What the exercise asks | Transcribe every record verbatim; no pictures.

Data in this exercise |
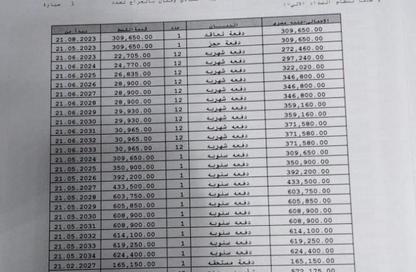 شقة - 2 غرف نوم - 2 حمامات للبيع في امتداد الرحاب - الرحاب - مدينة القاهرة الجديدة - القاهرة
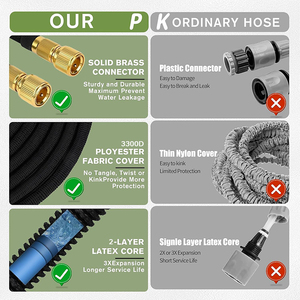 고성능 확장형 정원 호스 8가지 기능 노즐 내구성 알루미늄 금속 라텍스 고무 폴리 커넥터 CNS 표준 - Product Image 5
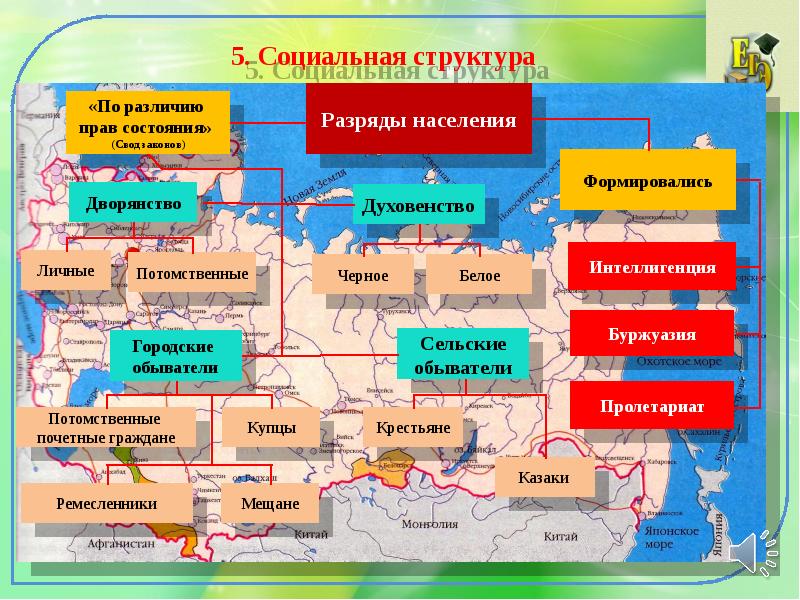 Российское государство на пороге нового времени презентация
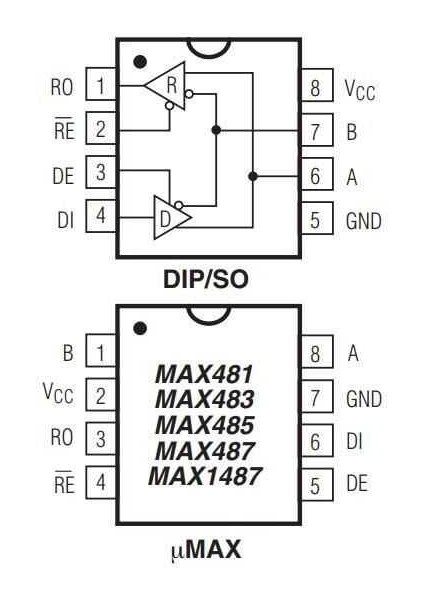 MAX483EPA Dıp-8 Rs Seri Protokol Entegresi fiyatları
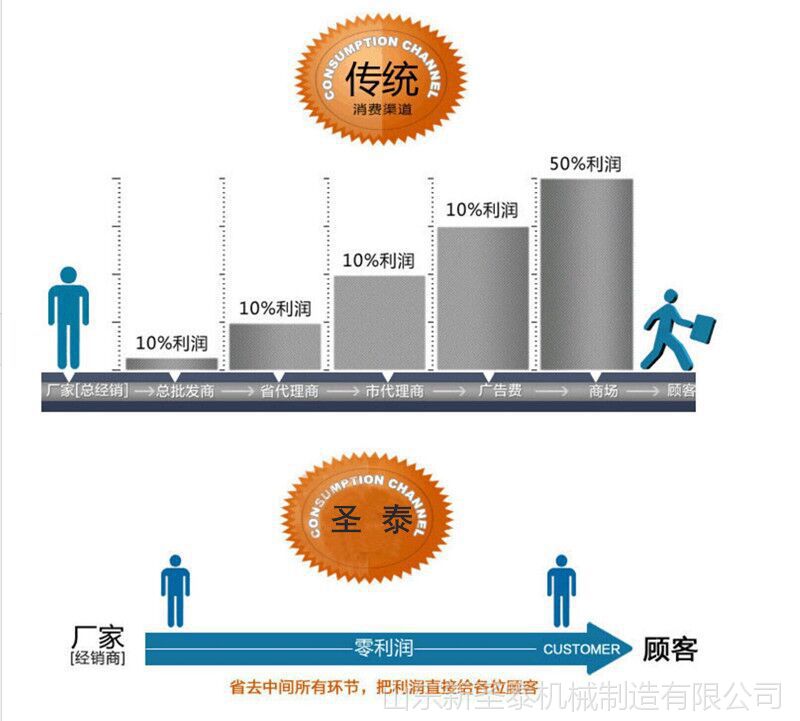 QQ图片20160125093451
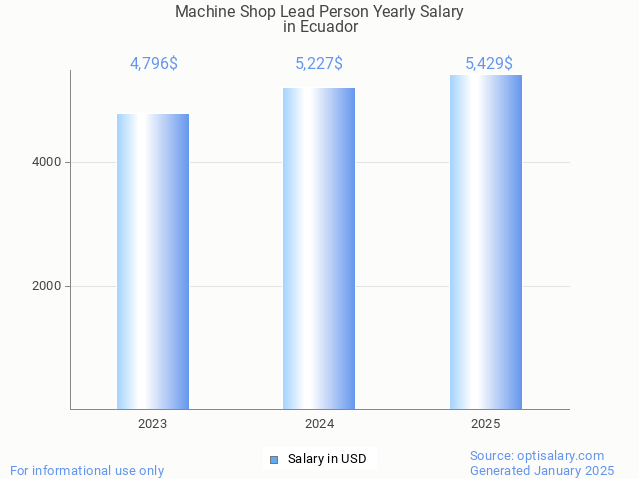 machine shop lead person salary in ecuador 2025 machine shop lead person salary in ecuador 2025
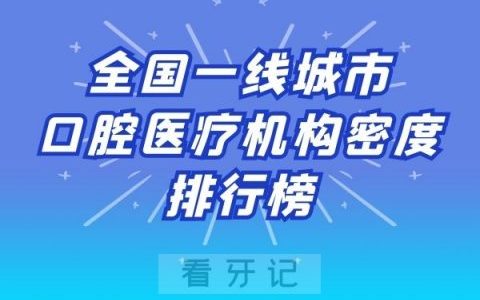全国一线城**医疗机构数量及密度排行榜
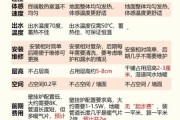 采暖系统哪种好_暖气片和地暖哪个省钱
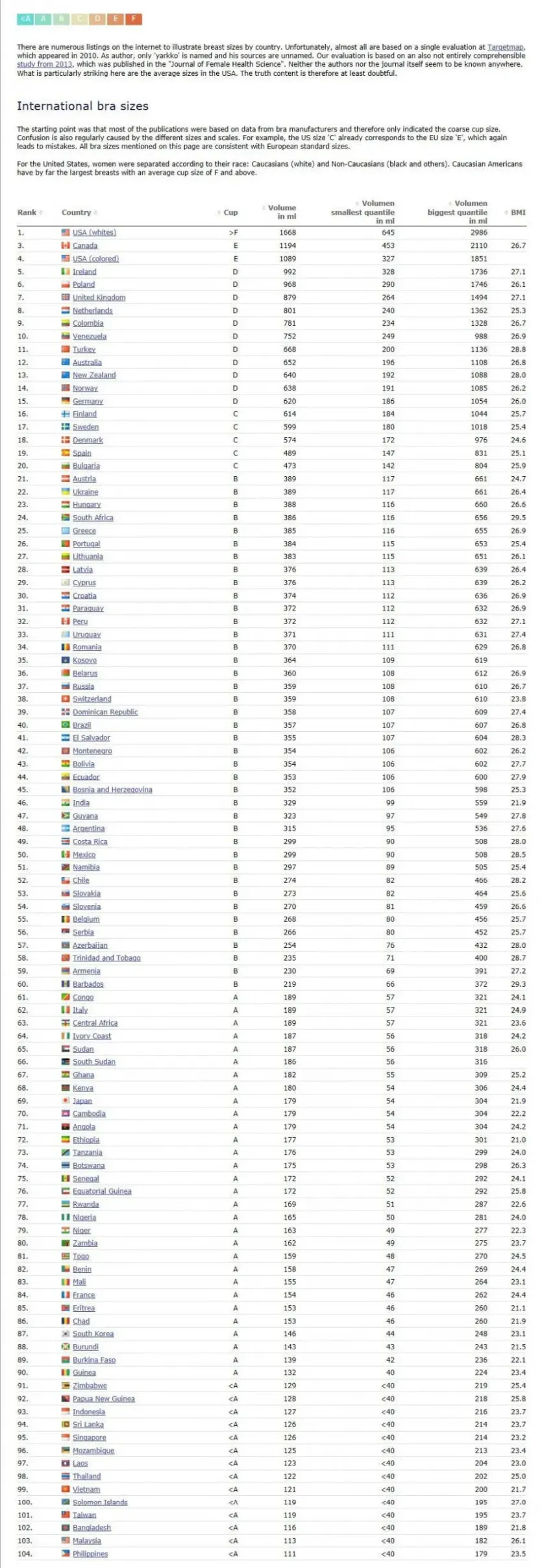 b2139694659107b433ecf02583cfbae53afd20148f58983a24215280f11e236f~2.jpg ㅇㅎ) 아시아 여자 가슴 크기 순위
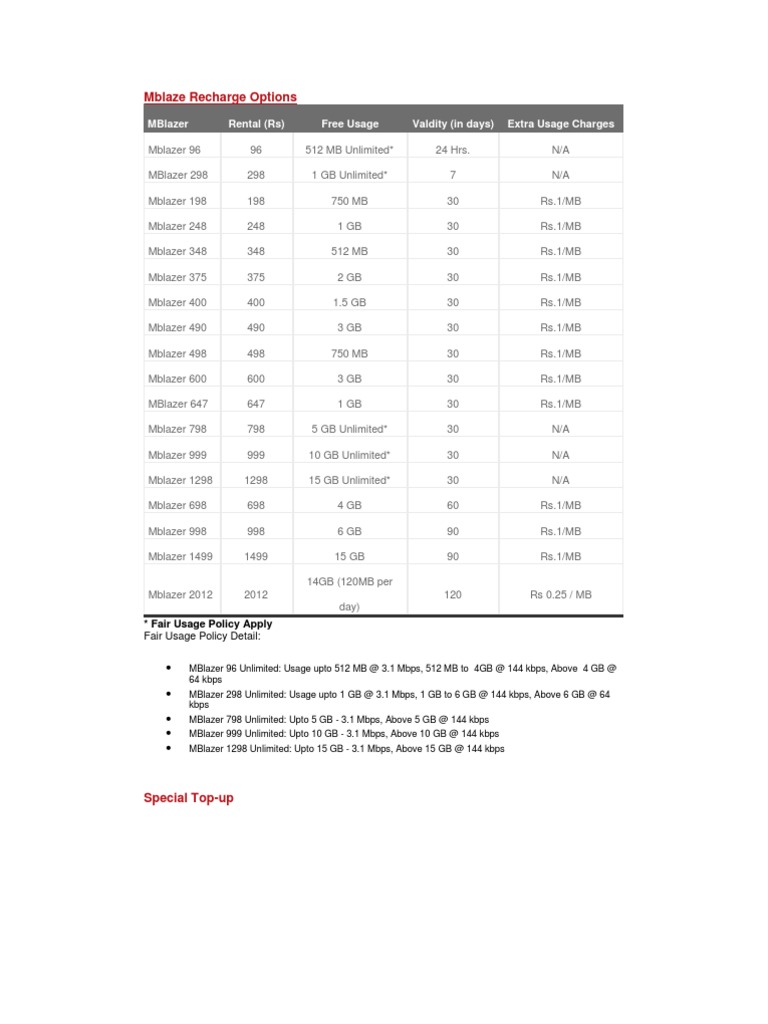 Mblaze and Tata Photon Recharge Plans | PDF | Home & Garden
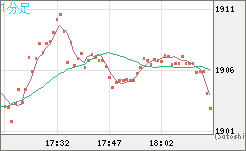 ユーロ/ビットコインチャート（EUR/XBT）1分足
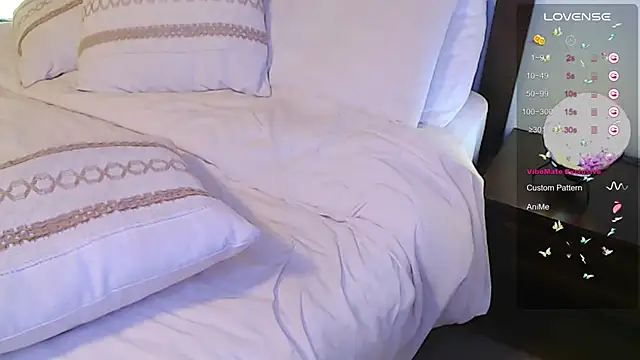 FaRaSha777 webcam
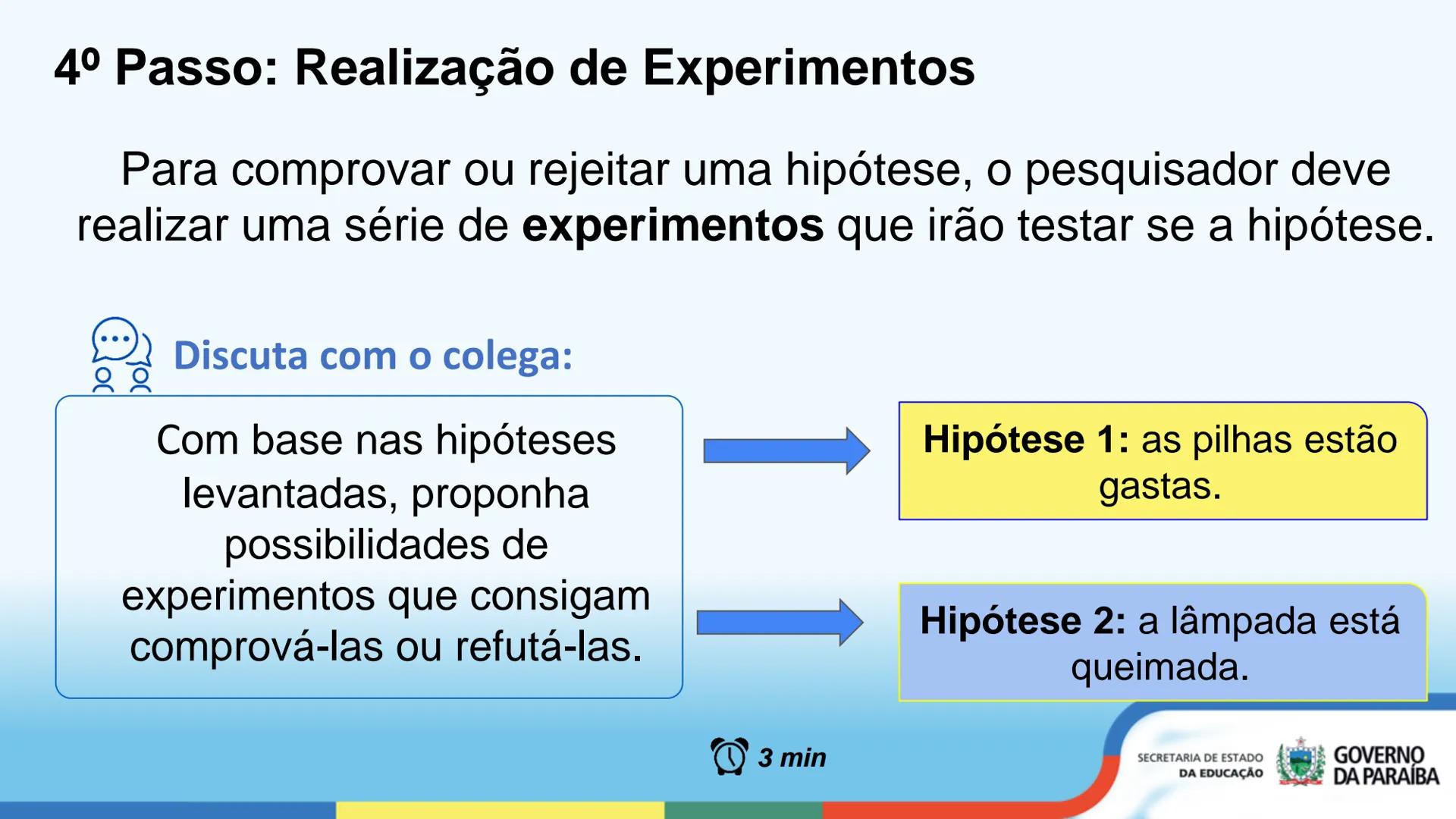 # O MÉTODO CIENTÍFICO
Ensino Médio - 1ª Série
SECRETARIA DE ESTADO
DA EDUCAÇÃO
GOVERNO
DA PARAÍBA # OBJETIVOS DE APRENDIZAGEM
* Compre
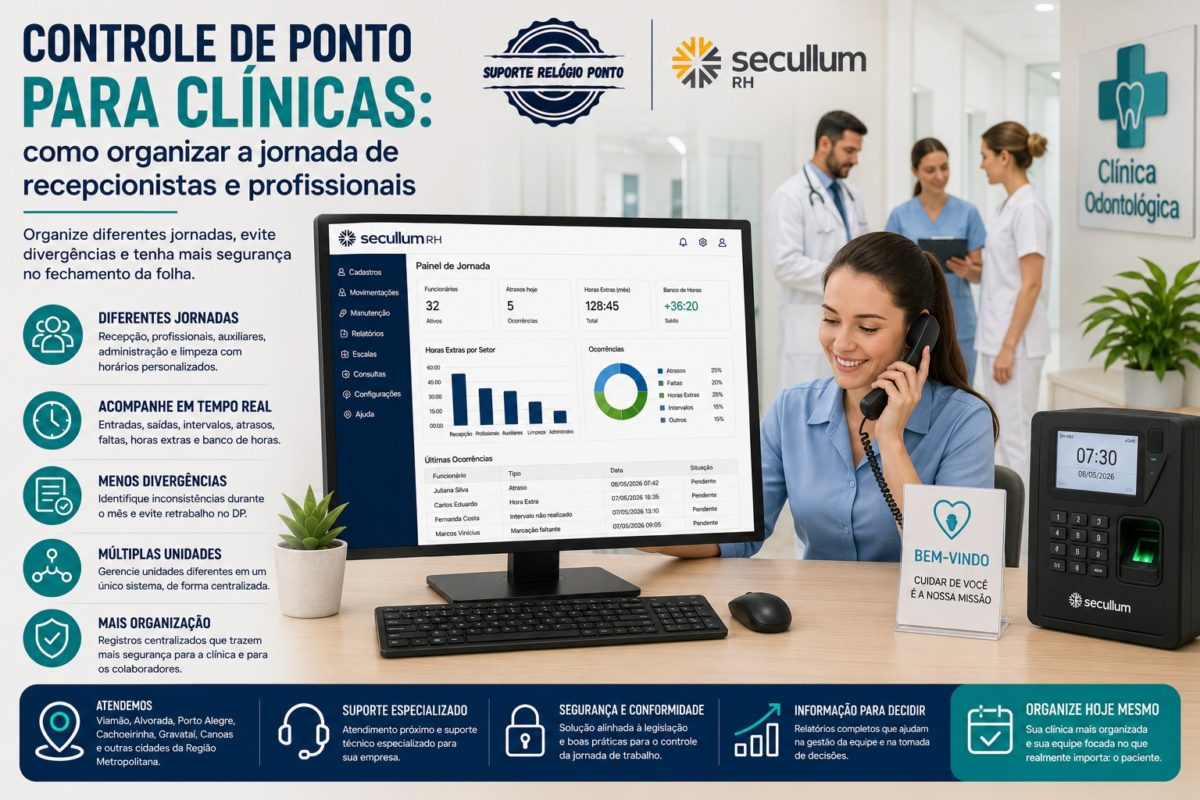Controle de ponto para clínicas com recepcionista e equipe de profissionais da saúde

Solution for this problem |
 شقة - 2 غرف نوم - 2 حمامات للبيع في امتداد الرحاب - الرحاب - مدينة القاهرة الجديدة - القاهرة
 고성능 확장형 정원 호스 8가지 기능 노즐 내구성 알루미늄 금속 라텍스 고무 폴리 커넥터 CNS 표준 - Product Image 5
 Российское государство на пороге нового времени презентация
 MAX483EPA Dıp-8 Rs Seri Protokol Entegresi fiyatları
 QQ图片20160125093451
 machine shop lead person salary in ecuador 2025 machine shop lead person salary in ecuador 2025
全国一线城**医疗机构数量及密度排行榜
 采暖系统哪种好_暖气片和地暖哪个省钱
 b2139694659107b433ecf02583cfbae53afd20148f58983a24215280f11e236f~2.jpg ㅇㅎ) 아시아 여자 가슴 크기 순위
 Mblaze and Tata Photon Recharge Plans | PDF | Home & Garden
 ユーロ/ビットコインチャート（EUR/XBT）1分足
 FaRaSha777 webcam
 # O MÉTODO CIENTÍFICO
Ensino Médio - 1ª Série
SECRETARIA DE ESTADO
DA EDUCAÇÃO
GOVERNO
DA PARAÍBA # OBJETIVOS DE APRENDIZAGEM
* Compre
Controle de ponto para clínicas com recepcionista e equipe de profissionais da saúde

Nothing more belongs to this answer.